An astute observer of the American political scene might suggest that the electorate wanted a change after eight years of several failed Obama policies and grew tired of the contempt and disconnect of liberal elitists who just last night bathed in tears of defeat and the sweat of paranoia.

Someone might even apply such thinking to Canada and wonder why a slim minority elected a head of hair for prime minister.

Perhaps he should head to Uncle Fidel while someone else worries about the fate of NAFTA.





Children of North Korean women and Chinese men now outnumber North Korean defectors:

Figures show that the children of North Korean women and Chinese fathers now outnumber young North Korean defectors.

The Education Ministry on Sunday said 1,249 children of North Korean defectors who were born in China went to school in South Korea as of the end of last year, outnumbering the 1,226 students who were born in North Korea. And as of September, 52.1 percent of children of North Korean defectors who go to school here were born in China. 

A spokesman for a human rights group said, "The fact that there are more children of North Korean women with Chinese rather than North Korean fathers is proof of the human rights abuses the women suffer when they escape to China." This often includes a kind of indentured marriage that is little better than sex slavery, with Chinese men "buying" the women from border traffickers. 

"I escaped to China trusting a broker, but ended up being sold for money and had to endure all kinds of abuse as I was dragged from one location to another," one defector recalls. "Some women who are sold into sexual slavery are stripped naked and locked up so that they cannot escape." 

The children these women have with Chinese men are frequently unable to get legal protection or go to school in China because their mothers are considered illegal immigrants or their fathers refuse to register them as their own.

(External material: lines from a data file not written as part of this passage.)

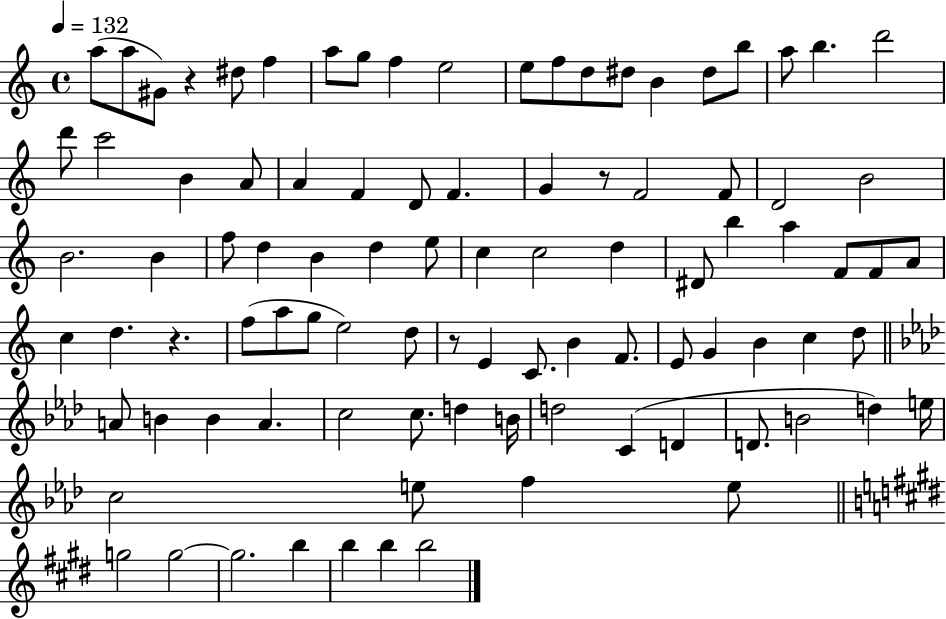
X:1
T:Untitled
M:4/4
L:1/4
K:C
a/2 a/2 ^G/2 z ^d/2 f a/2 g/2 f e2 e/2 f/2 d/2 ^d/2 B ^d/2 b/2 a/2 b d'2 d'/2 c'2 B A/2 A F D/2 F G z/2 F2 F/2 D2 B2 B2 B f/2 d B d e/2 c c2 d ^D/2 b a F/2 F/2 A/2 c d z f/2 a/2 g/2 e2 d/2 z/2 E C/2 B F/2 E/2 G B c d/2 A/2 B B A c2 c/2 d B/4 d2 C D D/2 B2 d e/4 c2 e/2 f e/2 g2 g2 g2 b b b b2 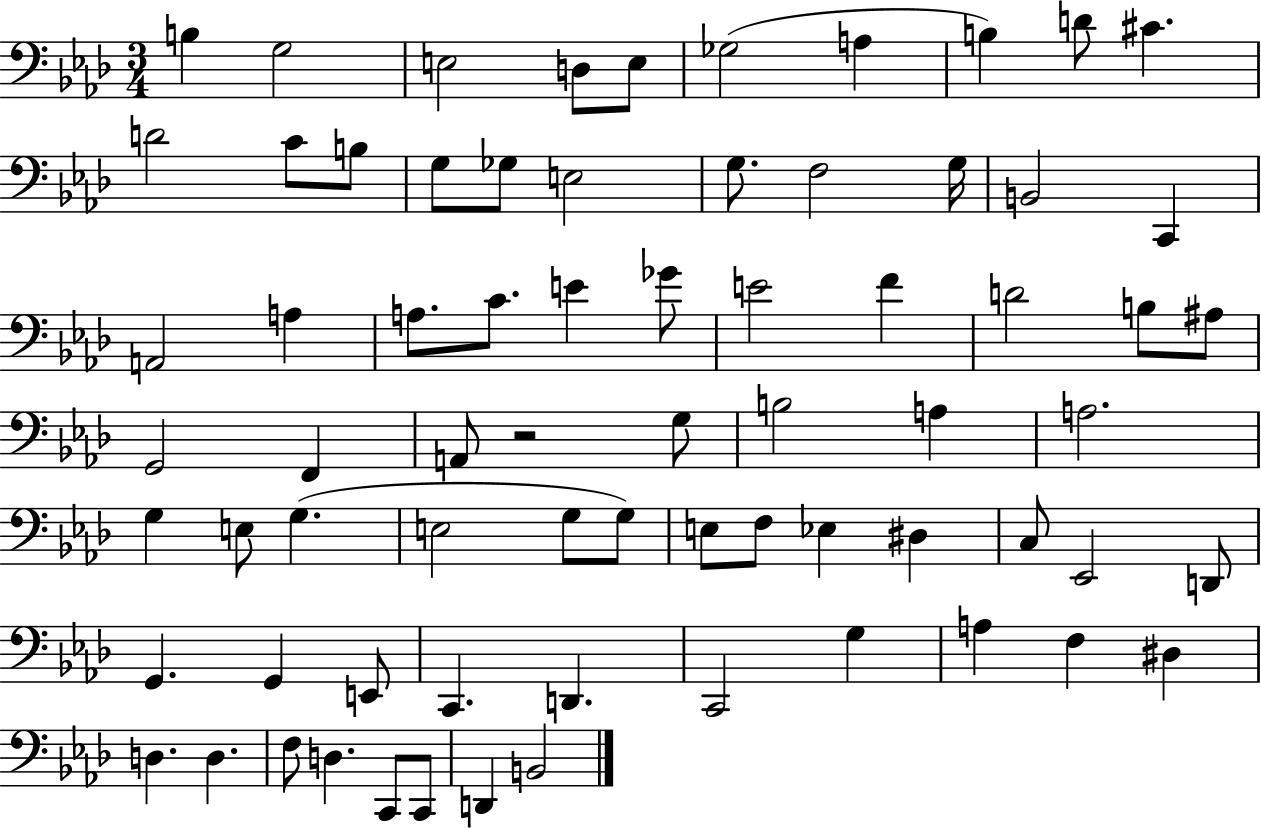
B3/q G3/h E3/h D3/e E3/e Gb3/h A3/q B3/q D4/e C#4/q. D4/h C4/e B3/e G3/e Gb3/e E3/h G3/e. F3/h G3/s B2/h C2/q A2/h A3/q A3/e. C4/e. E4/q Gb4/e E4/h F4/q D4/h B3/e A#3/e G2/h F2/q A2/e R/h G3/e B3/h A3/q A3/h. G3/q E3/e G3/q. E3/h G3/e G3/e E3/e F3/e Eb3/q D#3/q C3/e Eb2/h D2/e G2/q. G2/q E2/e C2/q. D2/q. C2/h G3/q A3/q F3/q D#3/q D3/q. D3/q. F3/e D3/q. C2/e C2/e D2/q B2/h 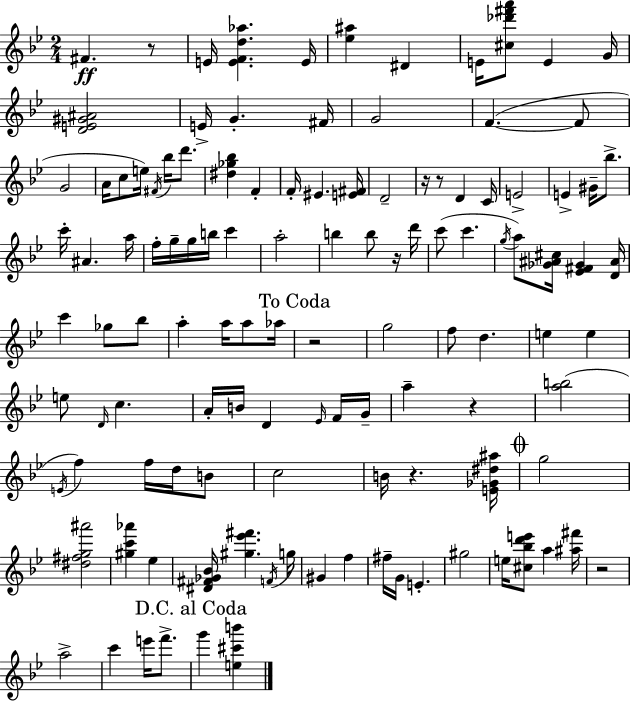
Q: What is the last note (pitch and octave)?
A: G6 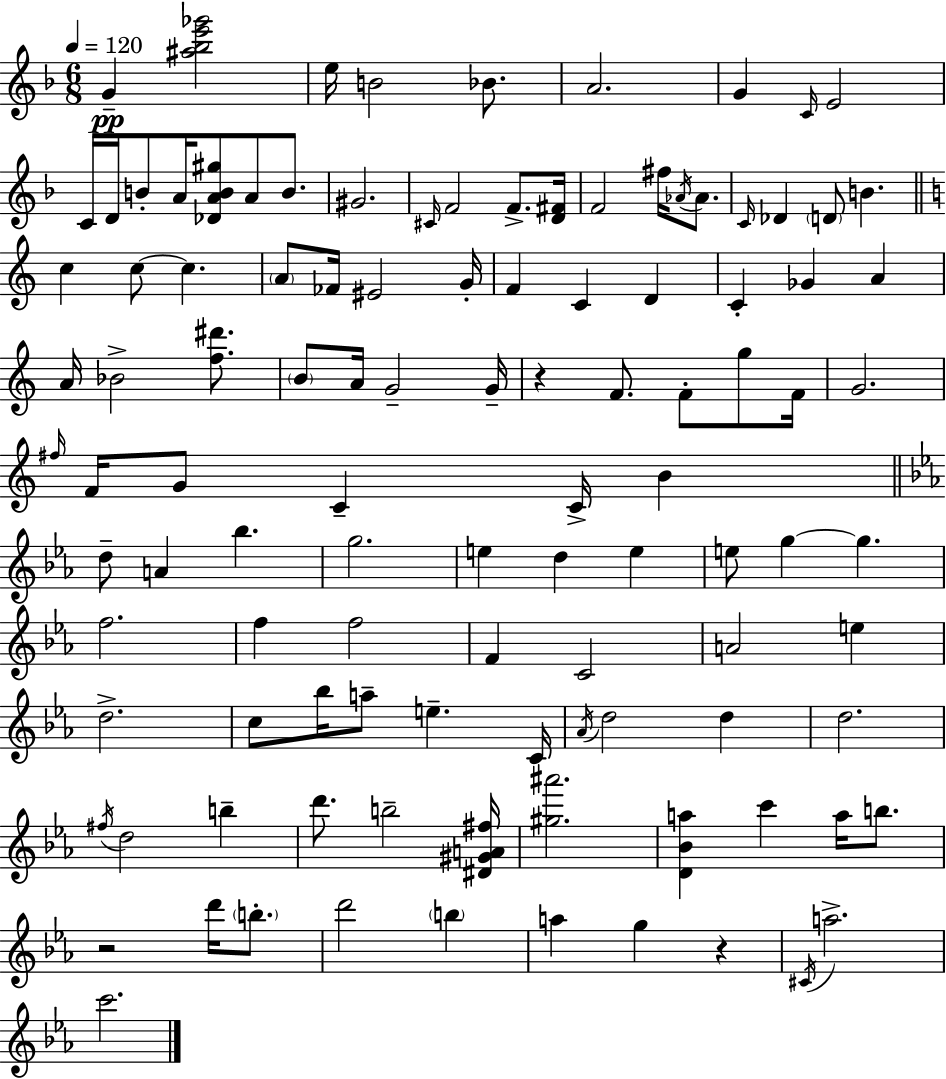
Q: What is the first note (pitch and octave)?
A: G4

Is Trump's victory bad for Russia?

According to polls, Russians are growing tired of wars that largely dominated the national political agenda for the last two years. The Russian economy is in decline. And, what’s more, the latest parliamentary election has demonstrated growing political apathy — a serious problem during the upcoming 2018 presidential election.

Should Putin decide to run, he will have to deal with all these internal challenges and — were it not for Trump’s victory — serious pressure from Western capitals, particularly from Washington. Facing such challenges, being labeled as an outcast by the Western world, would he be able to remain Russia’s beloved and successful leader for eight more years?




And now, eight things you may not know about vowels:

1. ENGLISH HAS MORE VOWELS THAN THERE ARE LETTERS FOR THEM.

A, E, I, O, U and sometimes Y are the letters we define as vowels, but vowels can also be defined as speech sounds. While we have six letters we define as vowels, there are, in English, many more vowel sounds than that. For example consider the word pairs cat and car, or cook and kook. The vowel sounds are different from each other in each pair, but they are represented by the same letters. Depending on the dialect, and including diphthongs, which are combinations of two vowel sounds, English has from nine to 16 vowel sounds.